Si rifiutò di applicarla con dieci ebrei che lavoravano nel suo
istituto.
Amintore
Fanfani, accompagnato da Interlandi e da dieci squadristi si presentò
in facoltà. Lo prese a schiaffi davanti agli studenti e gli impose le
dimissioni.
Un mese dopo, Fanfani diventava ordinario alla cattedra che gli aveva sottratto.
Fu la presa del potere dei furbi, degli ignavi.
Fu l’assassinio della cultura d’impresa e l’inizio del seme dell’abilità trasformista.
Oggi, gli ebrei, in Italia non sono più il nemico istituzionale né il nemico di mercato.
La Storia è cambiata.
E’ molto peggio.
Siamo diventati tutti, ebrei sotto le leggi razziali, in questo gennaio 2012.
Oggi,
il nemico delle istituzioni e del mercato, sono tutte le brave persone
che pretendono di farsi valere sulla base del proprio merito, che
vogliono entrare nel mercato e imprendere avendo accesso a opportunità
che la Legge dovrebbe garantire a tutti per diritto costituzionale,
sulla base del proprio titolo di studio e delle proprie capacità.
Indifferentemente ebrei, cattolici, mussulmani, settentrionali o
meridionali.
Ma subiamo tutti, la gogna delle leggi razziali.
Delle
“leggi razziali” sui generis, invisibili, non scritte, non costituite.
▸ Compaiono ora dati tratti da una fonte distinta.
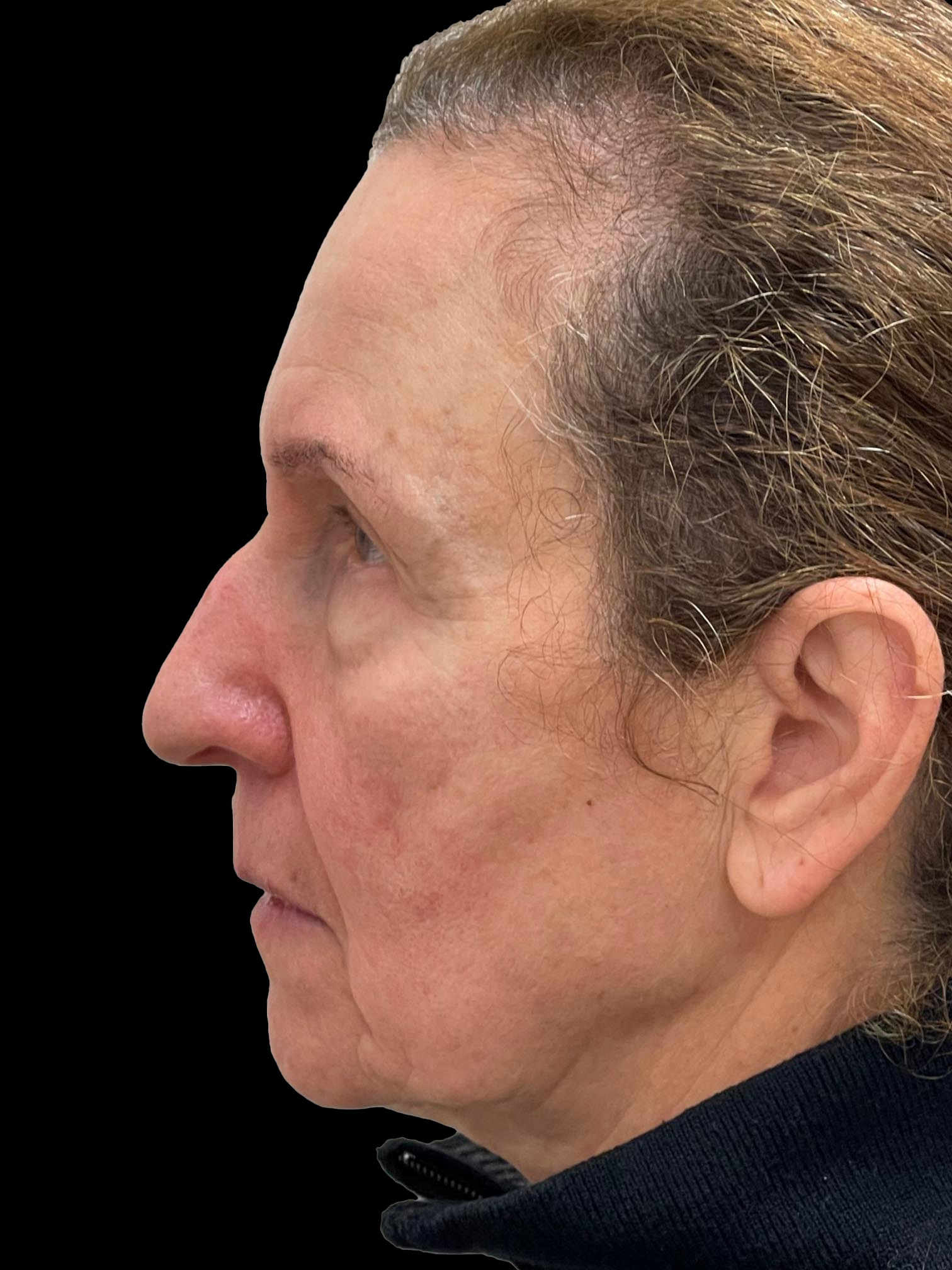 Photo of the patient’s face before the Blepharoplasty surgery. Patient 4 - Set 2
Addirittura democratiche e quindi impossibile da denunciare: colpiscono
chiunque e dovunque.
Se
oggi l’Italia è così com’è è anche grazie al fatto che è stata negata a
questo popolo l’opportunità di avere accesso alla Memoria storica di
quei tempi, perché pochi, pochissimi, sanno ciò che è veramente accaduto
in Italia dall’11 novembre del 1938 in poi. Gran parte di coloro che
approfittarono di quell’occasione per far carriera, per arricchirsi,
scegliendo delle impensabili scorciatoie d’opportunità sulla pelle di
altri, comportandosi come autentici criminali, sono finiti nei posti di
comando nella Repubblica Italiana.
E hanno trasmesso ai loro figli e nipoti quell’interpretazione della vita e del lavoro.
Una
concezione aristocratico-oligarchica del potere, basata
sull’annullamento dei diritti dei cittadini, sulla cancellazione delle
ambizioni, sulla negazione del rischio d’impresa, per poter far
trionfare il malaffare. E la corruttela permanente mascherata sempre
sotto il manto dell’ideologia, a seconda dei casi, delle mode, dei
tempi.
Nel
Giorno della Memoria, per renderla più attiva e viva, mi è sembrato
giusto ricordare da dove veniamo cercando di non fare della piatta
retorica, della demagogia consueta.
Non
sono stati fatti ancora i conti con il fascismo che è dentro la spina
dorsale della mente italiana, è per questo che l’Italia non riesce a
riprendersi.
Ed è per questo che, oggi, i fascisti stanno rialzando la testa sotto nuove forme, nuove sigle, mentite spoglie.
Sanno che non è cambiato niente.
A questo serve la memoria, ed è per questo che è importante.
Perché,
come diceva Elie Wiesel “se non sappiamo da dove veniamo, che cosa ci
hanno fatto, che cosa abbiamo fatto, come possiamo pretendere di poter
avere anche una minima nozione di dove stiamo andando?”.
Che i morti di Auschwitz riposino in pace l’eterno sonno dei giusti.